Specifically, the report, as well as Saubrey in her remarks, highlighted the President’s Emergency Plan for AIDS Relief (PEPFAR). In describing PEPFAR, Saubrey said, "women are the primary beneficiaries" and specifically mentioned increasing accesses to information for prevention. 2 Health advocates, however, have criticized PEPFAR since its inception for failing to support programs, particularly prevention programs, that adequately address the circumstances of women and girls. In the report, the Administration also expressed its "commitment to ensuring the health of women before, during, and after pregnancy," 3 but advocates note the conspicuous omission of support for family planning programs. Furthermore, in the name of promoting gender equality, the report reviews the Bush Administration’s dedication to limiting access to legal abortion, citing the Unborn Victims of Violence Act 2004 and the Partial-Birth Abortion Ban Act of 2003. The report states: "President Bush believes in promoting a culture in which every child is welcomed in life and protected by law. There are compassionate alternatives to abortion, such as maternity group homes and encouraging adoption. In addition, the Bush Administration is working to prevent unintended pregnancies by promoting abstinence education." 4

United States Delegation Proposes Anti-Choice Amendments

The initial goal of this meeting was to create a simple consensus declaration reaffirming Beijing . An early draft of such a declaration was expected to have near-unanimous support. The United States delegation, however, proposed an amendment to the draft declaration reaffirming the Beijing documents but stipulating "that they do not create any new international human rights, and that they do not include the right to abortion."

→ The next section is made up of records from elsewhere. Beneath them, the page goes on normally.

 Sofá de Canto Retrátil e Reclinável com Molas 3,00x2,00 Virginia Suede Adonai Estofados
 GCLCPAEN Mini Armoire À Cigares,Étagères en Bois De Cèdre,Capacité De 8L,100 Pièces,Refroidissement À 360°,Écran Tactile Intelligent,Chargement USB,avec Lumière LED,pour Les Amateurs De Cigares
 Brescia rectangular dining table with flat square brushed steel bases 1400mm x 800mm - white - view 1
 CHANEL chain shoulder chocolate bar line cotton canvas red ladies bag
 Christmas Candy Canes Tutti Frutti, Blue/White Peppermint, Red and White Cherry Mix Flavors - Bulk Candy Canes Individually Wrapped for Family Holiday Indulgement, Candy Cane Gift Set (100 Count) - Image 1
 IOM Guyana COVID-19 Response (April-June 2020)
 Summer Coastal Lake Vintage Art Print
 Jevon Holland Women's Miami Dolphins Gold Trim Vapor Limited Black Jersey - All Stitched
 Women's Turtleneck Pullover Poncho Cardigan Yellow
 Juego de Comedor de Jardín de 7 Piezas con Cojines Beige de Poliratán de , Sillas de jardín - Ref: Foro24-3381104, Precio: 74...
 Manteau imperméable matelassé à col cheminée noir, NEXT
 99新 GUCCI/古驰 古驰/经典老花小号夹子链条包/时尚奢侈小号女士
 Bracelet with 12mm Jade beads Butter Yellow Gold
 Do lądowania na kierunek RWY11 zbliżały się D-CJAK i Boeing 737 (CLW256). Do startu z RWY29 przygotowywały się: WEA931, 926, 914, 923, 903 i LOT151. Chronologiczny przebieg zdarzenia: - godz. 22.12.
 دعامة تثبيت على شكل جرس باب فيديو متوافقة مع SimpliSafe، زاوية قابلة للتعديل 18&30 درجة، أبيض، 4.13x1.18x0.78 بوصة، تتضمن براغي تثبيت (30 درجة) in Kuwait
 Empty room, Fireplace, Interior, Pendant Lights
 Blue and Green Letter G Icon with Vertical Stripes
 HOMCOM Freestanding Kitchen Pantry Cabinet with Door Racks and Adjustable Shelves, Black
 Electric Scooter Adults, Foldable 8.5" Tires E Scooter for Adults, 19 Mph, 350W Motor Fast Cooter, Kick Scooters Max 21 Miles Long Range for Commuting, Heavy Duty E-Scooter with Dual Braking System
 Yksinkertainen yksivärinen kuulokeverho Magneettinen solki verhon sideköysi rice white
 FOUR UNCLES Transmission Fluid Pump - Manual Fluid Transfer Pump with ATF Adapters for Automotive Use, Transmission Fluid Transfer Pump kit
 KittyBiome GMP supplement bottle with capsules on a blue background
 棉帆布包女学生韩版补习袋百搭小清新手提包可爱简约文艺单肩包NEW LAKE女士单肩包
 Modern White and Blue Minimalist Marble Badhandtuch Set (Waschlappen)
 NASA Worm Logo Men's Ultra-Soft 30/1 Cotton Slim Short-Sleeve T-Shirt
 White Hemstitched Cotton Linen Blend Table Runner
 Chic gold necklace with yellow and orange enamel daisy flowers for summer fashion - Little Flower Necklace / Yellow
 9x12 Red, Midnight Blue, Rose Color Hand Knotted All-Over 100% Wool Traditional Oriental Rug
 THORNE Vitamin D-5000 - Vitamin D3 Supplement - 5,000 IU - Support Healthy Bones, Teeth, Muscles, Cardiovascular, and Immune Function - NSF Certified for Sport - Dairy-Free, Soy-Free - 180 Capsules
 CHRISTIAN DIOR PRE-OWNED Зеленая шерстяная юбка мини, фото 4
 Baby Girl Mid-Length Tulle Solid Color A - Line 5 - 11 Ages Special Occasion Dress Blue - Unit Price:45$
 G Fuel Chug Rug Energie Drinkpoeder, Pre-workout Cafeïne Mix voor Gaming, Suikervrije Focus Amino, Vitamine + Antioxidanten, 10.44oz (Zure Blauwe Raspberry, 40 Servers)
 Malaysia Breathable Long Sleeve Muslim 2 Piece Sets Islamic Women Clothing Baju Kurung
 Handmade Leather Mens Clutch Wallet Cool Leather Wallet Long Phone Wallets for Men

Although U.S.-based right-wing groups bombarded the 130 official country delegations with thousands of emails and countless flyers to support the amendment, 5 the U.S. did not gain the support of the international community. For example, over 170 non-governmental organizations, including SIECUS, representing every region of the world submitted a statement urging government delegations "to oppose unequivocally" the U.S. amendment. 6 They said, "the purpose of this Session of the CSW-the UN body charged specifically with advocating the status of women-is to reaffirm the Beijing Platform for Action, not move backward or undermine it." 7 Only the governments of Qatar and Egypt initially backed the U.S. proposal, but both withdrew their support. Other delegations spoke out against the U.S. tactics, including New Zealand ‘s representative, whose remarks were also offered on behalf of Canada and Australia . She said the Commission had spent "too much time debating shades of meaning when the international community needed to focus its energy on tackling real challenges." 8

Nonetheless, the U.S. delegation has interpreted this international refusal to adopt its stance as tacit agreement with their amendment. Saubrey said, "the United States is pleased that countries agree with us that the Platform for Action does not create any new rights. Our interpretation is their interpretation." 9 She said that the Beijing documents should not be seen as creating any new human rights, and that she understands there to be international consensus on that point, "which was useful to clarifying the intent and purpose of Beijing ." 10 She declared that there is international consensus that the terms "reproductive health services" and "reproductive rights" do no include abortion or constitute support, endorsement, or promotion of abortion or the use of abortifacients. 11 She said that Beijing reflects the U.S. approach to HIV/AIDS prevention, focusing on abstinence. 12 Finally, she emphasized parental rights, especially in terms of the sexual and reproductive health and education of young people. 13 The U.S. joined the consensus only with all the stipulations recorded in her statement. 14

Despite the wide-range of U.S.-instigated delays, however, the Commission successfully adopted 10 resolutions addressing: women, the girl child, and HIV/AIDS; the International research and Training Institute for the Advancement of Women (INSTRAW); the situation of women and girls in Afghanistan; the situation of and assistance to Palestinian women; gender mainstreaming in national policies and programs; integrating a gender perspective in post-disaster relief, particularly in the aftermath of the Indian Ocean tsunami disaster; indigenous women; and women’s economic advancement. 15

To read the Beijing Platform for Action:

To read the full report of the United States of America :


1 United States Mission to the United Nations, "Statement by the United States Representative to the commission on the Status of Women Ambassador Ellen Saubrey, at the 49 th session of the United Nations Commission on the Status of Women, March 2, 2005," Press Release 2 March 2005, accessed 14 March 2005, < >.

2 Ibid.

3 U.S. Submission of Information Relating to the Questionnaire to Governments on the Implementation of the Beijing Platform for Action and the Outcome of the Twenty-Third Special Session of the General Assembly . p18, accessed 4 April 2005 , < >.

4 Ibid., 9.

5 Joanne Omang, "U.S. Withdraws Destructive Amendment to UN Declaration Reaffirming UN Platform for Action for Women," Ms. , 4 March 2005 , accessed on 14 March 2005 , < >.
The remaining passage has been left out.